T - 3 days until liftoff ( only cause usps wont open until tuesday).


----------



## max gas (Apr 11, 2011)

congrats on your first bomb! Welcome to the slippery slope that is bombing.

can't wait to see the destruction.


----------



## sweater88 (Jul 31, 2011)

Cool...another SoCal guy...good job on bomb #1


----------



## the_brain (May 1, 2011)

Congrats on your first bomb, but I know who you are.....


----------



## MaxTheBunny (Sep 6, 2011)

the_brain said:


> Congrats on your first bomb, but I know who you are.....


you really are a genius mouse... damnit!! Had to change my name to put a little theatrics in my packages!


----------



## the_brain (May 1, 2011)

MaxTheBunny said:


> you really are a genius mouse... damnit!! Had to change my name to put a little theatrics in my packages!


Fully understand that...


----------



## ouirknotamuzd (Jan 29, 2011)

Me: "Is it just me,or are there just too many dialogue threads with cartoon animals going on here?"

Herfabomber voice: "I know what you mean.There are some really demented people in this community. I love it,myself"

Me: "You would love it.It just gives you more people to destroy.You're probably gonna bomb the shit out of this cartoon bunny."

Herfabomber voice: "Well,Duhhhhhhhhh....but let's see how much damage this bomb of his does before we decide how much property we want to destroy."

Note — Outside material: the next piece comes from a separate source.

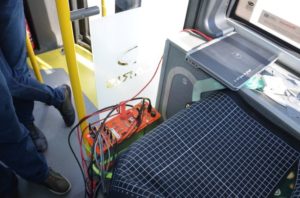 Elektronika i laptop na siedzeniu w pojeździe. W tle widoczne nogi pasażerów i żółte poręcze.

Me: "You're insane..you know that,right?"

Herfabomber voice: "Yup,and you're talking to me right now..how sane does that make you?"

Me: "I see your point."


----------



## the_brain (May 1, 2011)

ouirknotamuzd said:


> Me: "Is it just me,or are there just too many dialogue threads with cartoon animals going on here?"

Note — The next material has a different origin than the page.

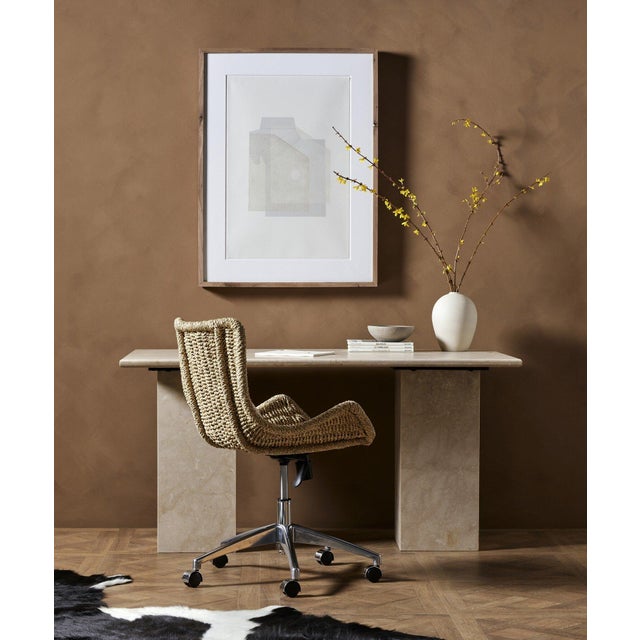 Made entirely from solid marble in a versatile creamy white, a stately, sculptural desk makes a major style statement.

Not sure if I started a trend, or if I just gave people permission to unleash their inner voices...


----------



## ouirknotamuzd (Jan 29, 2011)

I dunno if it's a permission thing....it's probably more of a fashion trend,like cargo pants or skullys...so just consider yerself the Calvin Klein of insanity if that gives you any solace.


----------



## dahu (May 6, 2011)

ouirknotamuzd said:


> Me: "Is it just me,or are there just too many dialogue threads with cartoon animals going on here?"
> 
> Herfabomber voice: "I know what you mean.There are some really demented people in this community. I love it,myself"
> 
> ...





ouirknotamuzd said:


> I dunno if it's a permission thing....it's probably more of a fashion trend,like cargo pants or skullys...so just consider yerself the Calvin Klein of insanity if that gives you any solace.


LMAO!


----------



## MaxTheBunny (Sep 6, 2011)

you cant have max without sam! I wonder if people actually know waht sam and max is...


----------



## the_brain (May 1, 2011)

ouirknotamuzd said:


> I dunno if it's a permission thing....it's probably more of a fashion trend,like cargo pants or skullys...so just consider yerself the Calvin Klein of insanity if that gives you any solace.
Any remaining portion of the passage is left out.